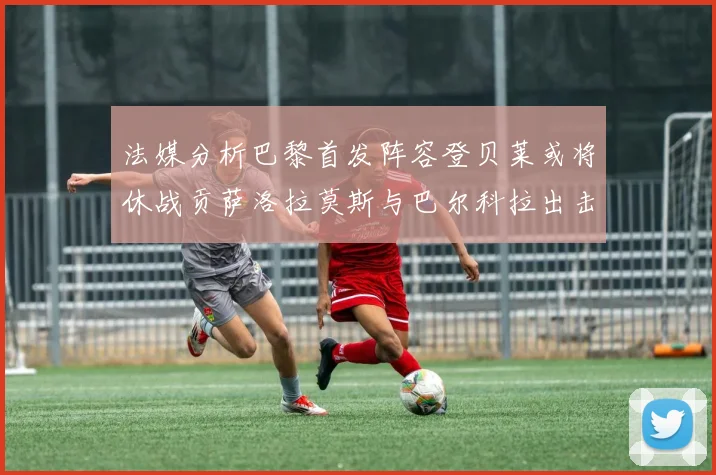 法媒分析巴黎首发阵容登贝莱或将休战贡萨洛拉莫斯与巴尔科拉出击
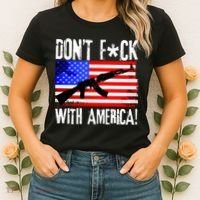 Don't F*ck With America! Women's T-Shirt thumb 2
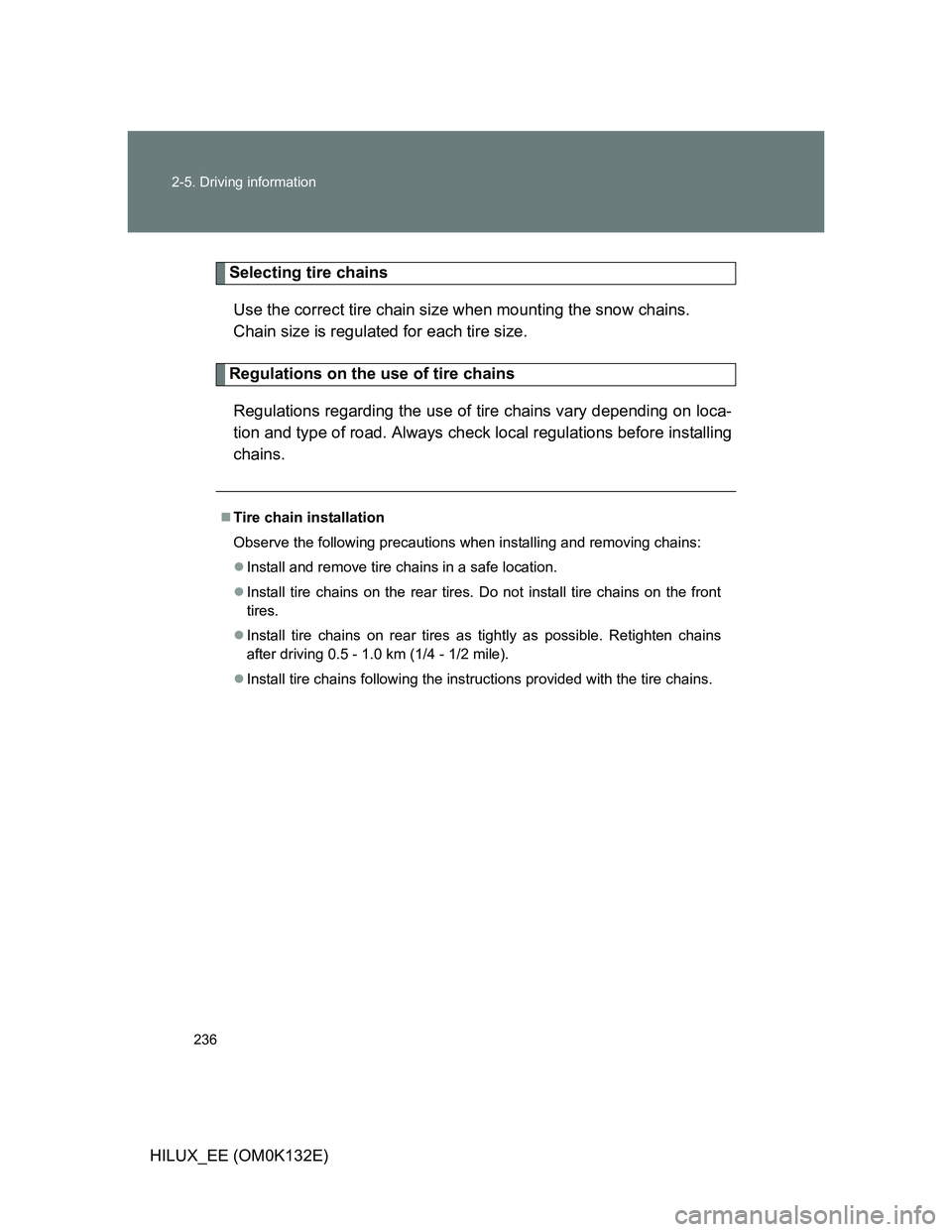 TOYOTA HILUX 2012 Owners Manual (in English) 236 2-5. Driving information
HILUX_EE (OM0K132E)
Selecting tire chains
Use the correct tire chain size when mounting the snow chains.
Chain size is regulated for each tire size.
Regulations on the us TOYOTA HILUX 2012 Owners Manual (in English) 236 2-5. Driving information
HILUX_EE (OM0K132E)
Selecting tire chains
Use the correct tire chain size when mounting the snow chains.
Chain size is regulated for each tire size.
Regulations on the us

_ _ _ _ _

ASSIGNED TASK: Reproduce word for word only the lines between the line containing "Don't F*ck With" and the end of the listing above, both included, and drop any pictures.

WRITTEN RESPONSE:
 Don't F*ck With America! Women's T-Shirt thumb 2
 TOYOTA HILUX 2012 Owners Manual (in English) 236 2-5. Driving information
HILUX_EE (OM0K132E)
Selecting tire chains
Use the correct tire chain size when mounting the snow chains.
Chain size is regulated for each tire size.
Regulations on the us TOYOTA HILUX 2012 Owners Manual (in English) 236 2-5. Driving information
HILUX_EE (OM0K132E)
Selecting tire chains
Use the correct tire chain size when mounting the snow chains.
Chain size is regulated for each tire size.
Regulations on the us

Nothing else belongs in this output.